And in order to keep the cost of oil, which drives your economy, down, you need to wage staggeringly expensive wars to secure most of the oil that is left. And to keep the stock market going when options to squeeze a bit more cost out of each product and keep profits rising run out, you need to massively subsidize the large corporations with taxpayer dollars, and reduce their taxes and regulations. To do that you need to convince the world that the staggering debts you’re piling up can be repaid from future increases in taxable income, that your insolvency is temporary. So you need to project endless huge increases in taxpayer wealth so that people aren’t panicked by how maxed out you are now. And the people have to believe that these future taxpayers — the current taxpayers’ children and grandchildren — will somehow be able to repay the monstrous debts you are burdening them with today. And of course, that interest rates will remain perpetually low, so that those debts don’t suddenly balloon even higher.
It’s all like a tightly wound spring, with all the screws holding it together ratcheted ever tighter, and the presumption that as the stresses on it increase, not only will it hold forever, but we’ll be able to squeeze ever more tension out of it. If one of those screws pops, the whole thing flies apart and comes undone. The bubble bursts. The dominoes fall. Just like in 1929.
The screw that is popping is the value of the US dollar, shown above. It is plummeting against all other global currencies, even though they are all increasingly interconnected. No one benefits from the collapse of any major currency, so it is in everyone’s interest to keep them all ratcheted up, in relative balance.
The problem is, the currency speculators, who don’t care who might suffer in a collapse as long as they get theirs, can see that the US dollar has nowhere to go but down. The US economy is dependent on Middle East oil and Chinese labour, on low interest rates and on citizen ignorance. Its national debt and its foreign balance of payments deficit are both unprecedented in the history of civilization, and both are soaring ever-higher by the month. If OPEC were to abandon the US dollar in favour of the more stable and solvent Euro, or if China were to want to refinance its huge receivable from the US in the new Asian currency, it’s game over for the dollar — the spring comes unsprung. There is then no limit to how far the US dollar could fall, and how fast, because there would no longer be anything propping it up. Panic selling would ensue. Just like in 1929.

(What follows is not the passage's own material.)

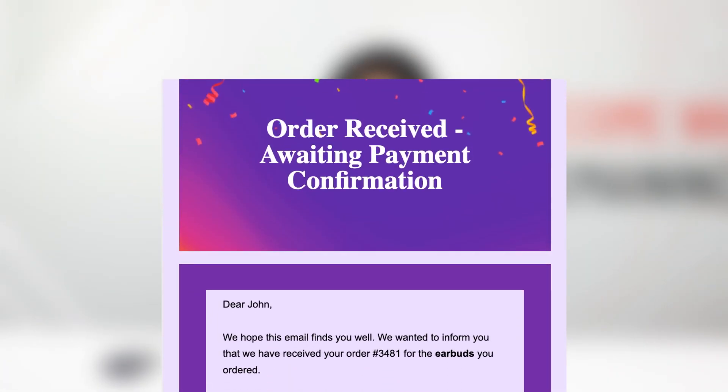Let's talk about the On Hold status. Imagine you're selling a physical product with the cash on delivery payment method. A customer has placed an order but hasn't paid yet — that's how cash on delivery works. The status of their order is On Hold since they haven't paid, but the order has been confirmed and received from your side. You can set this trigger to On Hold and send them an email explaining their order status and that payment is due upon delivery.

So the currency speculators, like the child pointing out “the Emperor has no clothes”, are taking their money and running. That’s what’s slashed the value of the US dollar by 12% over the last year, and by over 1% in one day on Friday. Suppose you’re a supplier in the Middle East or China and your investments, denominated in US dollars, lost 12% of their value last year, and 1% on Friday alone, for no other reason than the weakness of that foreign currency. At what point do you say “enough is enough” and insist on being paid in a currency that has some fundamentals supporting its value?
I think that point is imminent. The panic reduction by the US Fed in interest rates to try to calm fears about the collapse of the housing market and the reckless lending practices that this collapse uncovered, will, I believe, be seen as the trigger — the acknowledgement that the bubble of the entire US economy is bursting. It was a desperation move, and investors around the world have seen right through it. It’s no accident that Greenspan’s book of economic ‘deathbed confessions’ has been rushed out now.

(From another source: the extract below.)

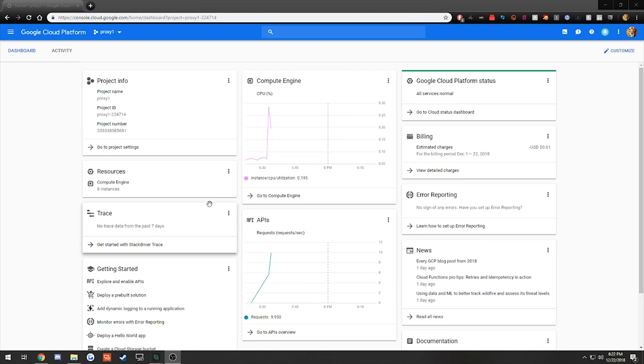What's going on guys, IlluminaCop here back with another video. Today I'm going to be showing you guys how to set up a sneaker server on Google Cloud.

So let’s suppose the US dollar collapses, from its level of 87 a year ago to 77 today to, say, 67 by year-end and 57 by next Spring. What does that mean? First, it will mean that the US dollar will no longer be a monetary standard. The Euro will take that role, and perhaps the Asian Currency Unit (ACU) which has been proposed for years but which could take the place of the Asian currency ‘basket’ quickly if the Asian nations needed a hedge against the dollar’s collapse. That will continue the collapse, and ensure that the US will have to start buying in these stronger currencies. This will quickly produce (as has always been the case with currency collapses) runaway inflation in the US, so prices of many goods, and of energy, will be reposted upwards daily. Panic buying will ensue (as is always the case with hyperinflation), leading to empty store shelves and long lineups. That will be followed by an abrupt halt to consumer spending, since nothing will be affordable at the new prices.

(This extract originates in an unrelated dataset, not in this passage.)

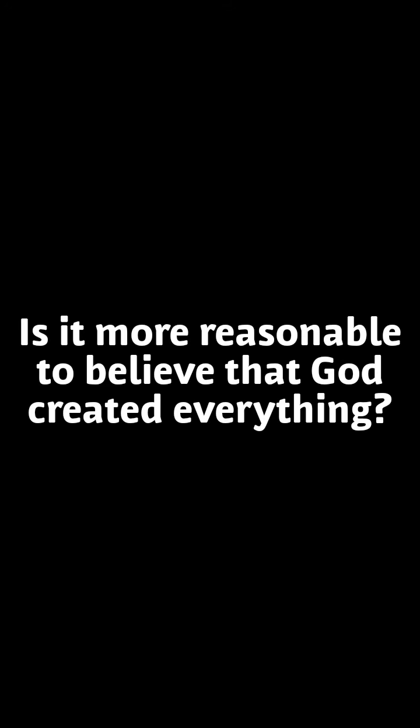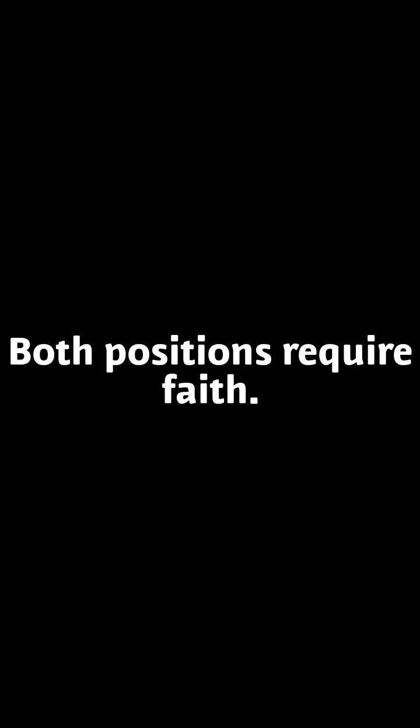So you tell me my friends, is it more reasonable to believe that God created everything or that nothing created everything? Both positions require faith. The difference is one is faith based on evidence whereas the other is blind faith. Can you guess which one?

When inflation soars, so must interest rates, so double-digit interest rates will quickly become commonplace for mortgages, consumer loans, corporate loans, and government debts. Foreclosures and corporate bankruptcies will soar, there will be runs on the banks, and the government will have to step in to bail out the banking system.
The problem is, the US treasury has no reserves to bail out anything. It will have to institute large tax increases, and slash spending (including war spending) and services to keep from falling into total bankruptcy. It may have to ask for IMF forgiveness on its debts, which may cause the Middle East and China to refuse to trade with it at all, except on a cash basis.
Where it gets complicated is that so many economies are so dependent on the US economy, that they will collapse as well. As usually happens in struggling non-democratic nations when their economies collapse, the result in the Middle East and China will likely be civil war, and substantial cessation of trade with other nations as war disrupts transportation and production.
Canada, whose governments have recklessly allowed our economy to become totally dependent on the US economy, will be sucked down into precisely the same cycle of crisis the US will be facing, probably within months. Europe will fare better, but not much better — so much of the economy is globalized now that to some extent we’re all co-dependent. We might be able to absorb the meltdown of the Argentine economy, but not the American.
With consumers unable to buy, and debtors unable to pay their debts, the stock markets will collapse, taking with them the lifetime savings and pensions of billions, and billions of jobs. The first few million families to default on their mortgages will suffer foreclosure, and lose everything. After that, the banks will realize that it makes sense to let delinquent homeowners stay in, secure and maintain their homes, since there will be no buyers to take their place anyway, so those who can afford to pay their mortgages a bit longer will probably be spared eviction. Just like in 1929.
There will be no winners in this. The people who will suffer least will be those who are self-sufficient (living in communities that are able to produce much of their own food, and whose members can look after themselves and each other) and who are debt-free. You can forget about your investments and pensions — there will be no safe haven. Even gold is worth only what people think it is worth, and if no one has money to spend on it, it will drop in value too. Those who depend on the automobile to get to work will, if they still have work, have to find another way to get there. Those who don’t have work will have to learn to make a living themselves. Very few of us have the skills to do so. Perhaps, like in Argentina, we will learn by occupying abandoned factories and figuring out how to run them as collectives.
I’m sure most readers think I am wildly exaggerating the dangers here. I used to believe that those who warned of a second Great Depression were simply fear-mongers, angry and jealous at being left out of the economic boom. The more I study the lessons of history, and the way economic systems work, the more worried and more pessimistic I become. We have been operating our economy at a level of reckless excess for most of the last half-century. We have come to believe that what we have known in our lives will continue forever, that it can continue forever. It’s that psychology of recklessness and groundless belief in unlimited growth and endless prosperity that is ratcheting the screws ever tighter, blowing the bubble ever larger, moving the dominoes closer to the tipping point, and blinding us to our economy’s terrible fragility and our lack of resilience. I hope I’m wrong. I don’t think Iam.